Spk2VidNet: A Hierarchical Recurrent Architecture for High-Fidelity Video Reconstruction from Long Spike-Camera Streams
Abstract
Spike camera is a neuromorphic vision sensor with ultra-high temporal resolution, capable of capturing fast-moving scenes by firing a stream of binary spikes. However, its relatively low spatial resolution limits the acquisition of fine-grained visual details, motivating research on spike camera super resolution (SCSR). Existing SCSR methods typically operate on fixed-length spike sequences, where the accessible information is confined to a local temporal neighborhood. Moreover, spike fluctuations hinder intensity information extraction.

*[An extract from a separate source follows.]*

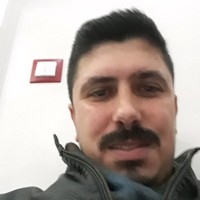 Ugurhan Hatipoglu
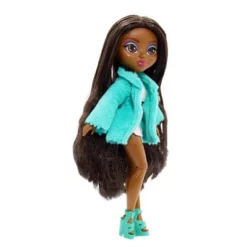 The Fresh Dolls Fresh Beats Fashion Doll BEIGNE AV LEI -FUNKO Shop GUEST d69b672c 8882 4587 9c56 7b6e8291f29e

Both factors affect the performance of SCSR. To address these issues, we propose a hierarchical recurrent network named Spk2VidNet to reconstruct high-fidelity high resolution image sequences from low resolution spike data. To mitigate fluctuations, Spk2VidNet progressively exploits temporal correlations within spike stream to enhance feature representation by hierarchically enlarging temporal receptive fields. Within recurrent phase, we introduce an alignment module that leverages the motion consistency among multiple frames to jointly estimate and mutually refine inter-frame motions, achieving more accurate temporal alignment. In addition, we propose a fusion module to adaptively integrate neighboring aligned features based on multi-scale similarity for robust feature aggregation. We further propose a segment-wise training with state transfer strategy to efficiently model long-term dependencies with limited GPU memory, thereby leveraging rich subpixel cues for improved super resolution. Experiments on synthetic and real-captured spike data demonstrate that Spk2VidNet achieves state-of-the-art performance.